It’s a great relief to step out of my comfort zone and live in a place for six weeks without having to worry about how people react to me,” said Mr. Higgins, whose work from Ethiopia is on display beginning this month at the Skoto Gallery in New York. “I think the problem we have as artists in America is pretty soon you can get locked into a paradigm that inhibits your creative expansion. One gains a cognitive freedom when you embrace the understanding that the world is much larger than your immediate reality. When I travel to Ethiopia or Africa I’m not in search of something exotic, I’m in search of reflections of myself.
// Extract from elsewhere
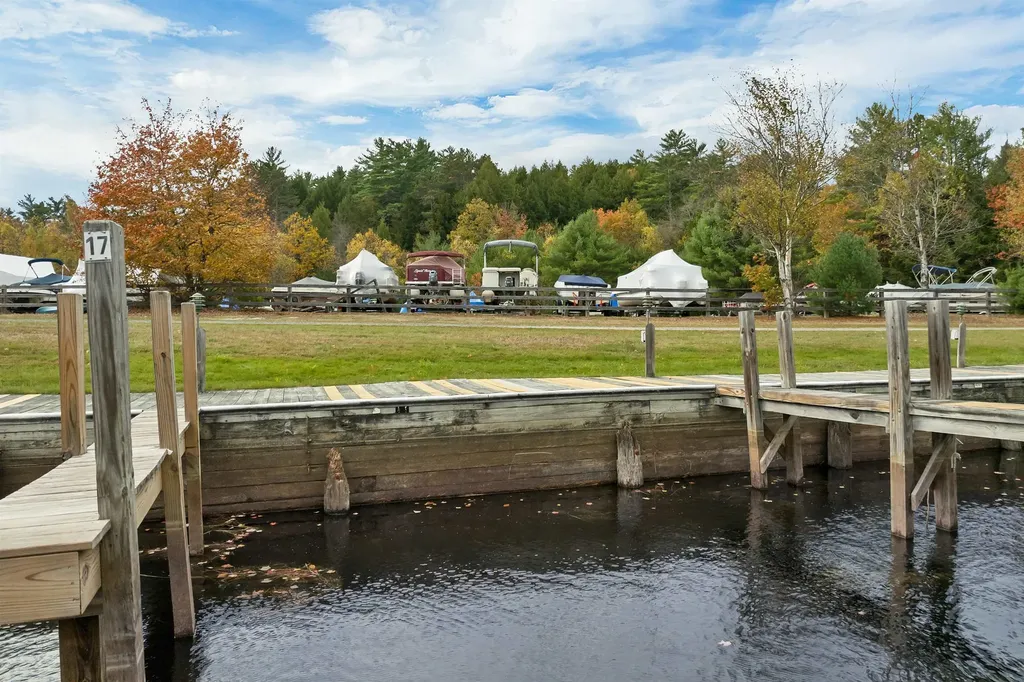 40 Adams Drive Bristol NH 03222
In Ethiopia, I’m no longer in a society where I am a minority. I am the majority.”

Mr. Higgins, a former staff photographer for The New York Times, has published several collections, including “Feeling the Spirit: Searching the World for the People of Africa.”

You would never travel to Africa if you listened to the news,” Mr. Higgins said. “I wanted people who couldn’t travel to get a feel from the book of what people are like elsewhere to expand horizons and perspectives.”

He first went to Ethiopia in 1973, prompted by news that African heads of state were gathering for an Organization of African Unity meeting in Addis Ababa. On that trip, he met and photographed the emperor of Ethiopia, Haile Selassie, and other heads of state. Taken by the calm sense of self he found among the Ethiopian people, he returned the following year to see other parts of the country.

“What I felt amazed me,” said Mr. Higgins, 68. “Ethiopians are a very proud people. Due to their isolation and history, other people are less important to them than they are to themselves. This sense of certainty is how they manage their lives.

Ethiopia is the only African nation that defeated an invading European army and maintained its independence. Ethiopians refer to their country as “The Land of Our Fathers,” and the fight to maintain it pumps the blood in their hearts.

“Their sense of pride is reinforced by their history, culture and environment,” Mr. Higgins said. “That’s not to say there aren’t problems, but there’s still a sense of awareness the people have among themselves and their culture. They live without being insecure about what they don’t know or what other people have that could rob them of who they are.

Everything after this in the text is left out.